TASK OBJECTIVE ->
Copy task for the material below: print the line with "LCD Monitor, White" and every line after it to the end, exactly as written, without the pictures.

TASK INPUT ->
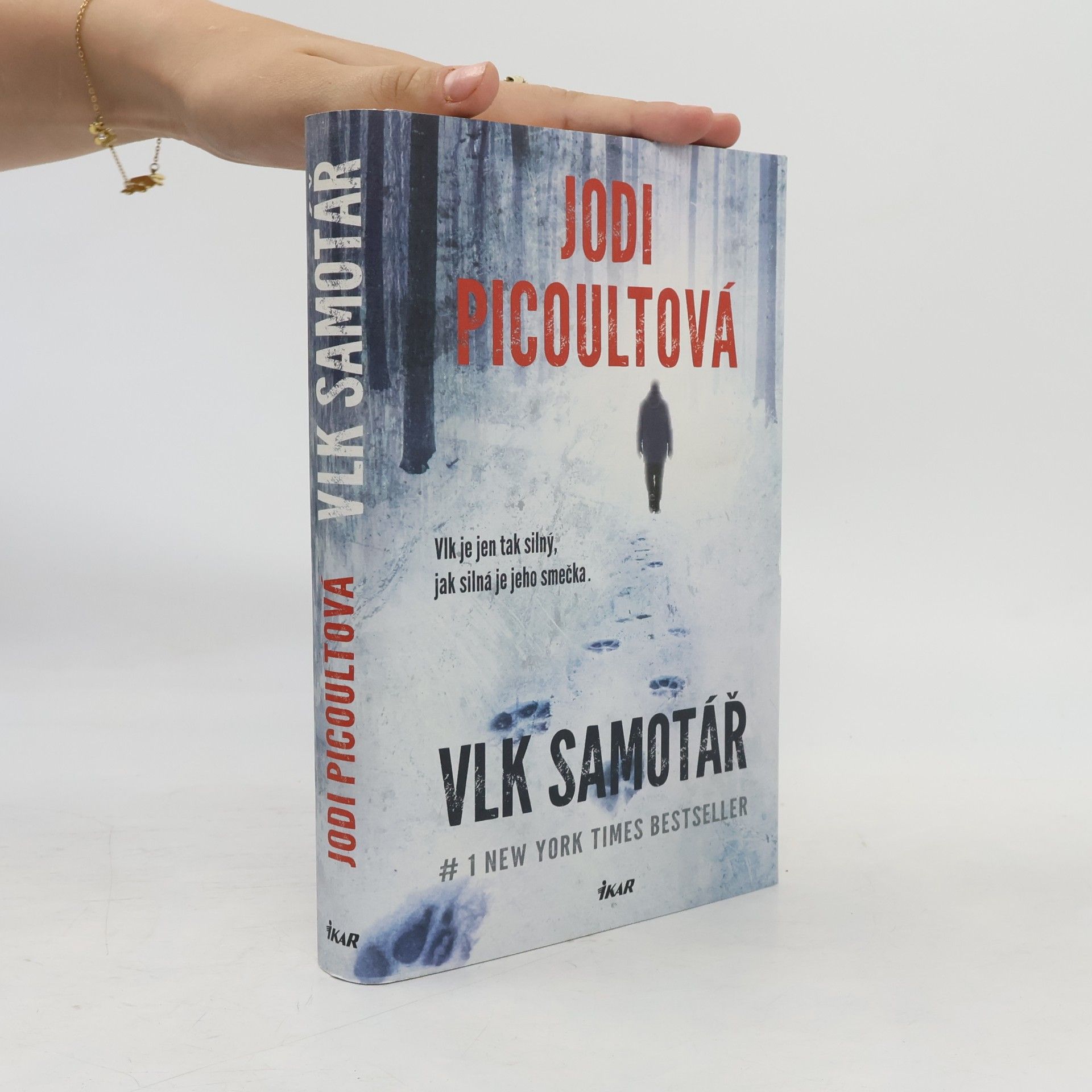 Jodi Picoult Vlk samotář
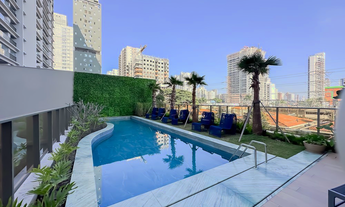 Imagem 5: Studio à venda em São Paulo, Campo Belo, com 1 quarto, 32m²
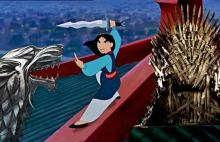 Reżyser "Gry o tron" zajmie się aktorską "Mulan"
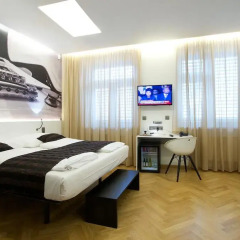 Отель Mosaic House 4* Люкс с различными типами кроватей фото 2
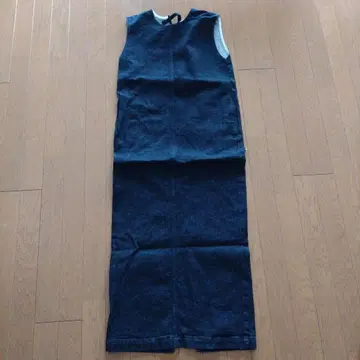 ETRE YANUK 콜라보 원피스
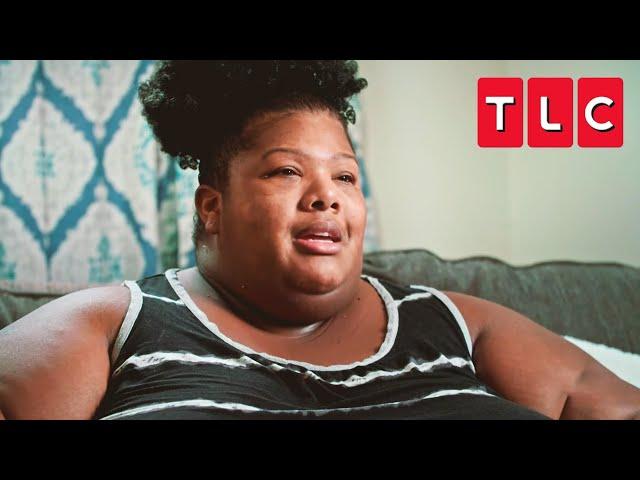 Latonya Can't Drop Her Bad Eating Habits | My 600-lb Life | TLC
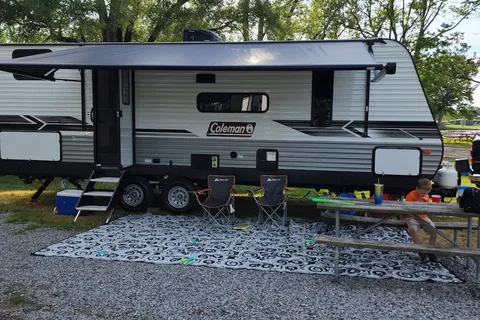 Cuttys Sunset Camping Resort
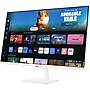 Samsung M50D 27" 60 Hz LCD Monitor, White (LS27DM501ENXZA)~#|#~C52D6DAC-F9FF-4561-B483B6BDE6DDD512_sc7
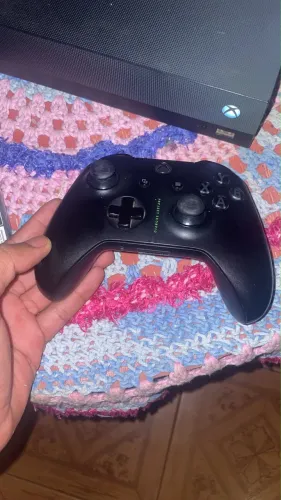 X box one x project scorpio edition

OUTPUT FOR THIS TASK ->
 Samsung M50D 27" 60 Hz LCD Monitor, White (LS27DM501ENXZA)~#|#~C52D6DAC-F9FF-4561-B483B6BDE6DDD512_sc7
 X box one x project scorpio edition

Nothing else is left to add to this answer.